The NASEM authors concluded that a part fee-for-service, part capitated model would be most effective. But the report left some researchers wanting more specific and tangible action items to implement this hybrid payment model.

“The report stops short of defining the specifics of the proposed hybrid payment model. If each payer designs its own approach, primary care practices would be subject to a confusing array of different rules and incentives,” the article suggested.

“The optimal approach may be an all-payer hybrid model that aligns payments with the types and intensity of services the patient needs.”

The opinion article highlighted potential approaches to shifting the primary care practice and payment structures to promote high quality value-based care.

“In a team-based practice, a high proportion of preventive and chronic care tasks can be delegated to nurses, medical assistants, and other practice staff, while most of a clinician’s time will be spent on acute care,” the article pointed out.

“Current risk adjustment systems, which are based on the amount of chronic disease in each clinician’s attributed patient population, do not align capitation payments with clinician time and effort in acute care. A hybrid payment model must address this problem.”

To implement this hybrid model, the researchers recommended monthly payments for chronic disease management and wellness services to provide primary care practices with predictable payments. This model would allow the practices to maintain a care team with the proper skill mix to tailor care to each patient.

Primary care practices would receive higher monthly payments for patients with chronic disease or social risk factors that reflect the amount of care they may need, and patients could enroll with the practice for these services in particular.

“Enrollment could avoid the need for the complex systems currently used to ‘attribute’ a patient to a practice based on the frequency of office visits,” the article reasoned.

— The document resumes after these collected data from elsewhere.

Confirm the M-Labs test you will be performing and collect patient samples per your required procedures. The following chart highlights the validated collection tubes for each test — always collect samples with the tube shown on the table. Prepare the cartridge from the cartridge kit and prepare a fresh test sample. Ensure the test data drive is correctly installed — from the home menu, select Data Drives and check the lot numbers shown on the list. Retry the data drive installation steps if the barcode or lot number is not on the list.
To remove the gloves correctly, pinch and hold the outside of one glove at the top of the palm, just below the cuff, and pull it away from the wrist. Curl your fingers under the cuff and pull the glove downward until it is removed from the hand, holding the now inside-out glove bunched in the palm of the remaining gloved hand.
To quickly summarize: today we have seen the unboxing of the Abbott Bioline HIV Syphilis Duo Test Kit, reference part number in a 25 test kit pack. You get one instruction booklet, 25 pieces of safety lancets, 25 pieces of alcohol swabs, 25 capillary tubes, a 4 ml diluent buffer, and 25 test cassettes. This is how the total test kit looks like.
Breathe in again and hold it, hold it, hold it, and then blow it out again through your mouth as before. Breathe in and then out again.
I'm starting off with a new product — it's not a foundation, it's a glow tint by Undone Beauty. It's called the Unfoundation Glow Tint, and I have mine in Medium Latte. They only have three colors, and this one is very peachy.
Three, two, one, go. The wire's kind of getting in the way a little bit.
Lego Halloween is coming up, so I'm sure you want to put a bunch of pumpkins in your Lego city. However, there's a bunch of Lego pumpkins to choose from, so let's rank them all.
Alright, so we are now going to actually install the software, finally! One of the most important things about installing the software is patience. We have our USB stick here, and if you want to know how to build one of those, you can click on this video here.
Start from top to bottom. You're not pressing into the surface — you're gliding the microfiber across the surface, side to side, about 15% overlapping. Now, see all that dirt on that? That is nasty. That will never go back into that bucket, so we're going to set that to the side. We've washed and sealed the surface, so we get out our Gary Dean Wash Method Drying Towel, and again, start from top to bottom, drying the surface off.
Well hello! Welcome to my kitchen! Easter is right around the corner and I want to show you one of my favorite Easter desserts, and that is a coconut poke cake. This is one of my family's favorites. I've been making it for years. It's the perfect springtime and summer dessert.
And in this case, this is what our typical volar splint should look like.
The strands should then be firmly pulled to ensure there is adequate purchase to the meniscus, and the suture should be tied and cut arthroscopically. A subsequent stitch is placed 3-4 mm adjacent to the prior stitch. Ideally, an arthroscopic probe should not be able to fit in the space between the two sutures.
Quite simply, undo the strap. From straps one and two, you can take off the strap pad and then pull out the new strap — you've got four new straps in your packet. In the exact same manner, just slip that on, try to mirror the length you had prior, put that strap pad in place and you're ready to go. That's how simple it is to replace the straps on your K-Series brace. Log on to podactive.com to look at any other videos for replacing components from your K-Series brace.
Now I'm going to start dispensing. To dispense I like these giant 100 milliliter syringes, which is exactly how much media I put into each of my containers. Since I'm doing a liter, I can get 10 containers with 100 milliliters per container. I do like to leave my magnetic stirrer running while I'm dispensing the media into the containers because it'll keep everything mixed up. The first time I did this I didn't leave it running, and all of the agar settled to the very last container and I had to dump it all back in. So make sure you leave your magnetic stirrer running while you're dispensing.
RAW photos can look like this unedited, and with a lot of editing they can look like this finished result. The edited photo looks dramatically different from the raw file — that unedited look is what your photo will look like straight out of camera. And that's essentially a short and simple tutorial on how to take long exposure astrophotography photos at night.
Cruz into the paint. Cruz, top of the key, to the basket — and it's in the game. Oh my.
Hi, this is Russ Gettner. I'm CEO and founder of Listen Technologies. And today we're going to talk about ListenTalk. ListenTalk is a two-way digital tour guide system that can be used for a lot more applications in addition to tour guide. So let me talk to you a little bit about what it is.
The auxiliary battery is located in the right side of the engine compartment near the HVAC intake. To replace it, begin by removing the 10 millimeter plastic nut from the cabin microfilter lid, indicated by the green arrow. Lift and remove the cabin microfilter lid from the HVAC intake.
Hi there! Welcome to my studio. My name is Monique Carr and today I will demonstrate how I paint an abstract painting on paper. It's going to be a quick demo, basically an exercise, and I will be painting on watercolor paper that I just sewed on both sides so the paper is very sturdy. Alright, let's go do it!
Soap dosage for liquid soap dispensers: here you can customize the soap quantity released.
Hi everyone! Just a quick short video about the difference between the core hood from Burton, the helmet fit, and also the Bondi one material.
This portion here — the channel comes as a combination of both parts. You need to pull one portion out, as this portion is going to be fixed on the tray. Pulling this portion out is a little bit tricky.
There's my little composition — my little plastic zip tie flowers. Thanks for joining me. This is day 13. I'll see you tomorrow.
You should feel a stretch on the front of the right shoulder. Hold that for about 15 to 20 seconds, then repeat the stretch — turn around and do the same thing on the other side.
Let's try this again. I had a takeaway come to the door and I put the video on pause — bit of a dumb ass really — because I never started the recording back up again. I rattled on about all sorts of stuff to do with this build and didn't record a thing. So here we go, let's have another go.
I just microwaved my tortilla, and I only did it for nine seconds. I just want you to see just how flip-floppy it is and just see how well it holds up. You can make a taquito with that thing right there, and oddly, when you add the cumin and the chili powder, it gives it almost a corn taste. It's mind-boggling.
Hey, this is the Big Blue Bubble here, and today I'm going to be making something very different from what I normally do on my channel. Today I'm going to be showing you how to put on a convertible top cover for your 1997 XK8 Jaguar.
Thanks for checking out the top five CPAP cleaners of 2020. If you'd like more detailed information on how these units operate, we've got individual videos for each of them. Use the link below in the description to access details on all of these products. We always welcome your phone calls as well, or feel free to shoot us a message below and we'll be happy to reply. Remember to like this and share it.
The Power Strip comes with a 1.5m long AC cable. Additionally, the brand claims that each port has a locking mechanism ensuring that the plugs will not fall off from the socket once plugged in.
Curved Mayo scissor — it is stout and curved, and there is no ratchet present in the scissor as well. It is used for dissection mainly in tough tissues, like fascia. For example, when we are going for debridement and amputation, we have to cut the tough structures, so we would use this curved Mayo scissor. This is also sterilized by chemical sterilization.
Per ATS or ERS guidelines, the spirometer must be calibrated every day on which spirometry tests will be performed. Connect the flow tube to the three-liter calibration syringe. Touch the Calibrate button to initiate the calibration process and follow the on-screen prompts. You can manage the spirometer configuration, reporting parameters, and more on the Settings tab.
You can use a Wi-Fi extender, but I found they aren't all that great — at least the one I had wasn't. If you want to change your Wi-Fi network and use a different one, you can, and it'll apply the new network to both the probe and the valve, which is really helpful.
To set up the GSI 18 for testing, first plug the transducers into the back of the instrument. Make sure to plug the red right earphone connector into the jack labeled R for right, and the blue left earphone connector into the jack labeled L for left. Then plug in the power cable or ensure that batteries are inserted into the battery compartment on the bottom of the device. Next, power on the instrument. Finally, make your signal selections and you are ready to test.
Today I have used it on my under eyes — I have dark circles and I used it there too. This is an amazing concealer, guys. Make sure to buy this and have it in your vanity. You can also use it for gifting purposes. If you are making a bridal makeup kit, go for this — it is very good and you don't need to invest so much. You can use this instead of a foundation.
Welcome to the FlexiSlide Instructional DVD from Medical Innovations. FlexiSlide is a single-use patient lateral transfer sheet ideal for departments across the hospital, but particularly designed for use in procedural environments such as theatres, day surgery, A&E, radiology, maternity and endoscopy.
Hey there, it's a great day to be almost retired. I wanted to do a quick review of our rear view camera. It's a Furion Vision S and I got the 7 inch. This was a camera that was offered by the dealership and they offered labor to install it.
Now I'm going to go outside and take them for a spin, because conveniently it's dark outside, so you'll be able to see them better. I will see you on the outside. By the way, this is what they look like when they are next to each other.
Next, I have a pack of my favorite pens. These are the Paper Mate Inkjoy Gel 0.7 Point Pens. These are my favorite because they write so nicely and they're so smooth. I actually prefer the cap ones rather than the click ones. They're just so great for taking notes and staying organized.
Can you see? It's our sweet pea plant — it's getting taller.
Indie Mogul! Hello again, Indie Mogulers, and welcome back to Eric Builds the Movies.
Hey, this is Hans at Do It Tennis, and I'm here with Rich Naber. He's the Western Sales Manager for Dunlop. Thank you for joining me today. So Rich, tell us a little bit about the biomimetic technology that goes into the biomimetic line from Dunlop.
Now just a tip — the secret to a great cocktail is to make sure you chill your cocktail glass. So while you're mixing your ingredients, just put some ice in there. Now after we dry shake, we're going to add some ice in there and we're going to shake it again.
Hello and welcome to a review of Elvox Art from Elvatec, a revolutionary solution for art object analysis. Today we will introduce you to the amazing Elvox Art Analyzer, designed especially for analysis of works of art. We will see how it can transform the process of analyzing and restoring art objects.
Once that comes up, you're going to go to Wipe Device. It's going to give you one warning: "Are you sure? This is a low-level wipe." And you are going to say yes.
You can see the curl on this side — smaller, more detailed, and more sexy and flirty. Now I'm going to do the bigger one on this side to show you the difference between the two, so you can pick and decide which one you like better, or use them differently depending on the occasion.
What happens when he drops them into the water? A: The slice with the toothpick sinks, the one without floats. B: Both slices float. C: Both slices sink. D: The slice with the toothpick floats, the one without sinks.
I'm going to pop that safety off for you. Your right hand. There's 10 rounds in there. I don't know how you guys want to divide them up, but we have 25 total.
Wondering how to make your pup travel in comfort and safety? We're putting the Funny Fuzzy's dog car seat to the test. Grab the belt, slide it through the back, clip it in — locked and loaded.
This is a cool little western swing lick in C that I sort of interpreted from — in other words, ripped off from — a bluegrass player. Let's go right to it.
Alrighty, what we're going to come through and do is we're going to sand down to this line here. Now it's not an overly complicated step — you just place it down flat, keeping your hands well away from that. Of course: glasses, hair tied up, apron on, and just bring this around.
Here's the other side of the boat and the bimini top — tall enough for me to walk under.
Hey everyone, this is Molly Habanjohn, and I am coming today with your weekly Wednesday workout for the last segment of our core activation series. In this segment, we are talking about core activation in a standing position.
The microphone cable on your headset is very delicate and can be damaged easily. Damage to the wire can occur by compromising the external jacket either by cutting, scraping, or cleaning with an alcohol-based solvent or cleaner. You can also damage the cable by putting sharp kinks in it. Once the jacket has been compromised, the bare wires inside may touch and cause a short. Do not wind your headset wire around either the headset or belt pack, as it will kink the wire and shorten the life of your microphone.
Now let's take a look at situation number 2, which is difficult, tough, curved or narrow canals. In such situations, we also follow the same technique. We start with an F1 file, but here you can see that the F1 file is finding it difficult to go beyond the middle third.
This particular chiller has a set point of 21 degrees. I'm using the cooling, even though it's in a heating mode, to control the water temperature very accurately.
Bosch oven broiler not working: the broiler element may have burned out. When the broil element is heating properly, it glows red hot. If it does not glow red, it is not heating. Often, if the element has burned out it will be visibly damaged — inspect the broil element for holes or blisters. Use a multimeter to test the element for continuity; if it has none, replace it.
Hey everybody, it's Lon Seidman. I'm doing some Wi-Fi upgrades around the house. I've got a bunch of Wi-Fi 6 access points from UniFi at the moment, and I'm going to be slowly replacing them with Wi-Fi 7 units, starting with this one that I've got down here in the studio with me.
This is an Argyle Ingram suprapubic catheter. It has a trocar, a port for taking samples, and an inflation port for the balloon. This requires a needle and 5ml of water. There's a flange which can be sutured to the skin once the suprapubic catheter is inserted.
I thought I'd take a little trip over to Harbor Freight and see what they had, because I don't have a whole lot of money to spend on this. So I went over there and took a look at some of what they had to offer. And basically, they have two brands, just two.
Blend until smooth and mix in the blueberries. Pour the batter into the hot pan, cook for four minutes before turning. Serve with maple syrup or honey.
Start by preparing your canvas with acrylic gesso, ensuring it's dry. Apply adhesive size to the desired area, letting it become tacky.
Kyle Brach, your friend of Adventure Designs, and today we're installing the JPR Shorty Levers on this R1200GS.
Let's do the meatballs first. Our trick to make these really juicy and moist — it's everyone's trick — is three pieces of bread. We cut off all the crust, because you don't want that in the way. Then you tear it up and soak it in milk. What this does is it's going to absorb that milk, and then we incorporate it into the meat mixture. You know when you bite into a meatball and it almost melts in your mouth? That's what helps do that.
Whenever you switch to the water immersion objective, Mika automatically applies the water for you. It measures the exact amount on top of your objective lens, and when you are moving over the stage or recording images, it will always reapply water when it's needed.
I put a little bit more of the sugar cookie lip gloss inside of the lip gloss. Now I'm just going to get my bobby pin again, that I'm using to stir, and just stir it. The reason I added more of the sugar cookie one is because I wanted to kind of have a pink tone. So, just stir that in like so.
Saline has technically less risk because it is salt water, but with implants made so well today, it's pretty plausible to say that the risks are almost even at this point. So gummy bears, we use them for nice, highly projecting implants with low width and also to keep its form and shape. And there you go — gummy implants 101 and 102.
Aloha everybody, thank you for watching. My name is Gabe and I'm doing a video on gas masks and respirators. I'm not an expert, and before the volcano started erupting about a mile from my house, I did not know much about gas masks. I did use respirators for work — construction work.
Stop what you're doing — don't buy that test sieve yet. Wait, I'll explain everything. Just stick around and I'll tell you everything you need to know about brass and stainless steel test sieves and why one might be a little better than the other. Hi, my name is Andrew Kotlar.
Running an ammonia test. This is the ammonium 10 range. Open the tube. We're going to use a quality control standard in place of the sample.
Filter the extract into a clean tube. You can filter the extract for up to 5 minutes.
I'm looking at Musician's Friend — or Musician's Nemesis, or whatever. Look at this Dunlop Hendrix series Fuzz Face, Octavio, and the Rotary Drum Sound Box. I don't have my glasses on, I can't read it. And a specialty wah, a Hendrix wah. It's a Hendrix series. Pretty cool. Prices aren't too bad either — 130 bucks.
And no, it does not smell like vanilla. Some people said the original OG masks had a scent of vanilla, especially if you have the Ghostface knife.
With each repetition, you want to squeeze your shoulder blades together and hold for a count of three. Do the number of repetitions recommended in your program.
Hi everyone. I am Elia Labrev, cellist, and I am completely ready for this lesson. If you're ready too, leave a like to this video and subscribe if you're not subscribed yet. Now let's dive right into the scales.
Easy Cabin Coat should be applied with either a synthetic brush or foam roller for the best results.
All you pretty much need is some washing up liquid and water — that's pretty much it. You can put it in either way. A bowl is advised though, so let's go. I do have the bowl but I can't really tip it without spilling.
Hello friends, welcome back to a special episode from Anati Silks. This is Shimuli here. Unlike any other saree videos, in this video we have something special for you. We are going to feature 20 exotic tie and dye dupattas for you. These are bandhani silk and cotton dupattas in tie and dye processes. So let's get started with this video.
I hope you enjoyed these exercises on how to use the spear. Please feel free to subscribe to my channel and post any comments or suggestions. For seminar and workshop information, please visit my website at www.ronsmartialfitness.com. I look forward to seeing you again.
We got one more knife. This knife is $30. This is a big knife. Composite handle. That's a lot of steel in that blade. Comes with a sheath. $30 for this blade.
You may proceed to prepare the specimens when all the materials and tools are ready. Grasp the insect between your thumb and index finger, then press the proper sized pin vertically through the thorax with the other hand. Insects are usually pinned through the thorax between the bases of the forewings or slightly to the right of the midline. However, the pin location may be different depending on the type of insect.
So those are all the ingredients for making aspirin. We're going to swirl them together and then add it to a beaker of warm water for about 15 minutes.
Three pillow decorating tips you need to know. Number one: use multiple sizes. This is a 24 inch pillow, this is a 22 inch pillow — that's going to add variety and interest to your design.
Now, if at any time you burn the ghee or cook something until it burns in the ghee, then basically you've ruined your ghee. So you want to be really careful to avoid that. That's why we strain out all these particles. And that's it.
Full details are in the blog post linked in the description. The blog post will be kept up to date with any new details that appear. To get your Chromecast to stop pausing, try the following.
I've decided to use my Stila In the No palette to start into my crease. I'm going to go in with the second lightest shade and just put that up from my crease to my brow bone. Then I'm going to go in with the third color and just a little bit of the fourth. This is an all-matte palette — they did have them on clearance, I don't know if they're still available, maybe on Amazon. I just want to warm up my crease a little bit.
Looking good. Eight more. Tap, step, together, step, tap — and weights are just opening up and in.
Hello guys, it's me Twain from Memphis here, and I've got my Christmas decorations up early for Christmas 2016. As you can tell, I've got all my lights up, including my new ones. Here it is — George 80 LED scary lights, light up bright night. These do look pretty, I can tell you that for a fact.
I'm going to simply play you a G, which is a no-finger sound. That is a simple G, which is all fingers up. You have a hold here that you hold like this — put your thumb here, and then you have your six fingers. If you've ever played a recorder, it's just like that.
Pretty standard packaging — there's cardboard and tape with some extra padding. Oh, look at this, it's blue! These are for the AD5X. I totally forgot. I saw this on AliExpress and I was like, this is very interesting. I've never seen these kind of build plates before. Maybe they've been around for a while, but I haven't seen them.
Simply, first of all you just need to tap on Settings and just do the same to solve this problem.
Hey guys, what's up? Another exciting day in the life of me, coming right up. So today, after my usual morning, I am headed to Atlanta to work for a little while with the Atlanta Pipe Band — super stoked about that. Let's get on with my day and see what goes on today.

Researchers also suggested implementing fees for treatment and diagnosis of each new acute condition. Clinicians would receive a payment for each newly diagnosed acute problem that would cover the costs of working with the patient to develop a treatment plan.

Essentially, the acute care fees paired with the monthly payments would provide a risk adjustment for practices and allow primary care practices to treat patients at a population health level.

Researchers found that “this model would better align revenues with the costs of providing team-based care than either fee-for-service or risk-adjusted capitation payments alone, and that it could be implemented by primary care practices and health insurance plans using existing billing and claims payment systems.”

Pay-for-performance or value-based care systems present clinicians with financial incentives for improving primary care. But they have largely failed to achieve this, the researchers claimed, because these models do not provide practices with the resources to actually deliver better care.

The first step to remedy this problem is to create standardized patient-reported outcome measures to enable quality assurance, the article suggested. Web-based survey tools are easy to implement and give practices tangible data to measure performance and identify care gaps.

In addition, personalized, evidence-based care, along with networking with other primary care practices, can help clinicians deliver quality care and account for deviations.

“This is feasible even for small, independent primary care practices, and results in improvements in patient self-management and targeting of services to patients at higher risk for costly care,” the article stated.

But revamping payment models won’t solve everything. Quality patient care also necessitates professionalism and trust between patients, clinicians, and payers.

“Whole-person care requires a patient-centered approach to payment,” the researchers concluded.

“These hybrid payment and quality assurance mechanisms, supported by modern information technologies, professionalism, and trust, could achieve the goals of the NASEM report—enabling primary care practices to identify each individual patient’s needs, deliver care that addresses those needs, and be paid adequately for doing so.”